Work with data engineers to define data collection/reporting requirements, engineering metrics, and aggregates for analysis, ETLs, and automate data pipelines to scale experimentation.
- Analyze various datasets associated with the business problem using statistical & data mining techniques using python scripting language.
- Develop hypotheses from data & domain understanding, and statistically test those hypotheses to provide actionable insights.
- Build data models and infrastructure to version data used for model training.
- Utilize education in machine learning and statistics to find appropriate scientific techniques for a business problem.
- Research previous published work in similar domains, understand how those algorithms are designed. Optimize those algorithms and apply them at scale.
- Research and implement emerging technologies which can be relevant to current problem statement.
- Design natural language processing pipelines using deep neural networks, and other machine learning techniques using python scripting language.
- Develop training & tuning methodologies to train machine learning models in most efficient way.
- Design and implement evaluation strategies for various models on baseline datasets to measure progress on various metrics.
- Build scalable data science pipelines using Big data tools & techniques to efficiently ingest and preprocess large amounts of data before training a machine learning model with it.
- Progressively approach and frame problems with appropriate approximation about the data.
- Develop solution to the business problem by disintegrating the problem into small and specific tasks that can be independently developed and evaluated, in plug and play fashion.

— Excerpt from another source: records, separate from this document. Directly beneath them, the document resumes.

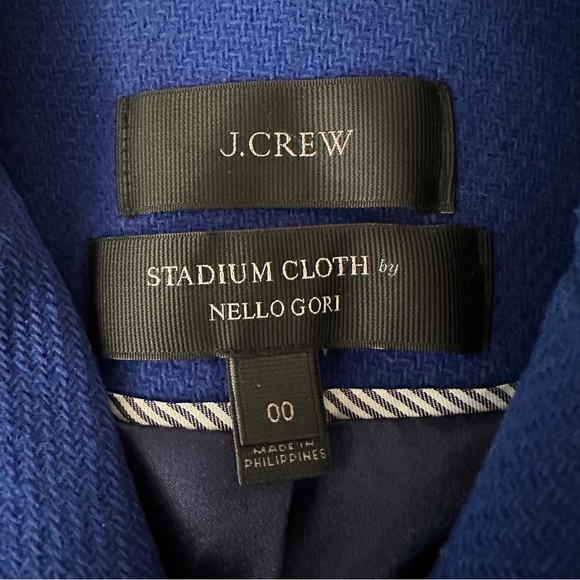 J. Crew Royal Blue Majesty Stadium Cloth Nello Gori Wool Peacoat Coat Women’s 00 - Picture 4 of 16
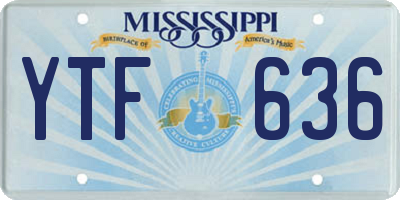 MS license plate YTF636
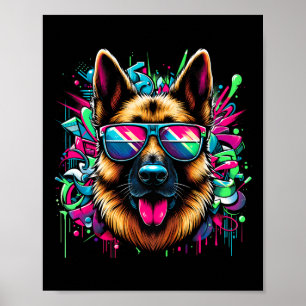 Coola German Shepherd Hund Graffiti Art Stil Krist Poster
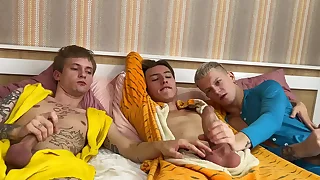 Twink pajama party turns into hot threesome - twosome twinks fucked their buddies and cummed in his asshole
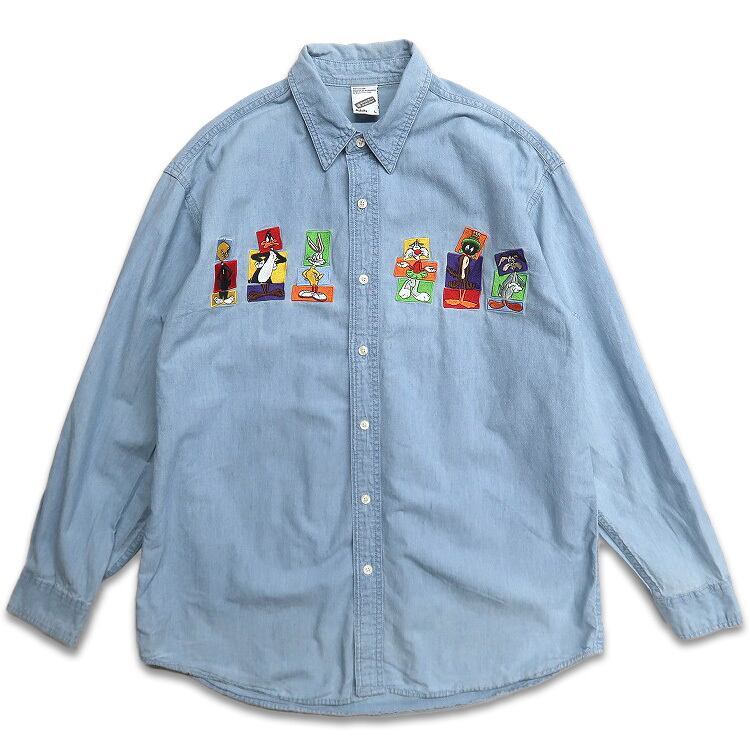 古着 90年代 ワーナーブラザーズ キャラクター 刺繍 デニムシャツ 表記:L gd401924n w40308拍卖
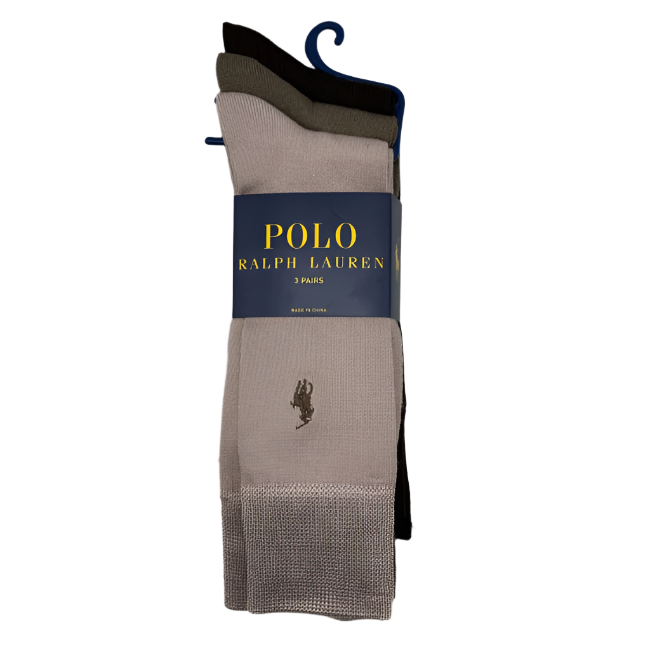 Ralph Lauren Polo Men Brown/Green Socks 3&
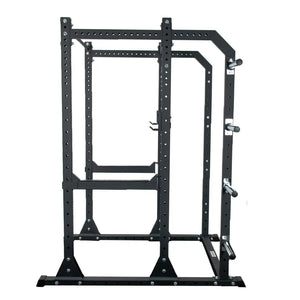 The Jordan JORDAN HELIX Power Rack (LTR) Weight Storage Horns Attachment (Pair) features a black, vertical metal design with multiple holes and four angled pegs for smart bumper plate or gym equipment storage.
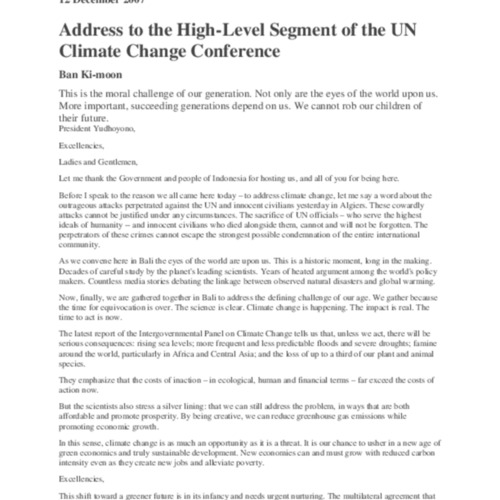 Address to the High-Level Segment of the UN Climate Change Conference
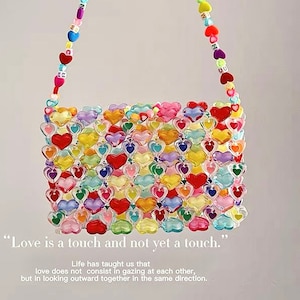 Multicolour Shoulder Bag | Candy Heart Beaded Bag | Summer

- Enable integrations of various tools and technologies to streamline data science pipelines like amazon web services, python scripting language, PostgreSQL database and apache spark.
- Develop code infrastructure to enable continuous improvement, continuous development pipeline.
- Prepare documentation and visualization for intra team communication and correspondence on project progress.
- Enable and develop computer science/data science best practices and reporting templates.
- Designing and developing codebase with appropriate testing and coding hygiene.
- Utilizing the various capabilities of hardware and software resources to enable efficient processing of data and training of deep neural networks.
- Understanding the architectural design of various machine learning libraries like pytorch, tensorflow, etc to find the best fit for the business problem as well as the hardware resources available.
- Implement deep neural architectures and machine learning algorithms on mathematical level. Tweak these algorithms and architectures according to the problem at hand.
Bachelor Degree is required in Computer Science or Math or Data Science
- Bachelors Degree in Computer Science or Information Systems
- Environment – Office or remote office environment, with minimum travel
- Physical Requirements – Sitting, standing, walking, and using keyboard, mouse, computer and telephone.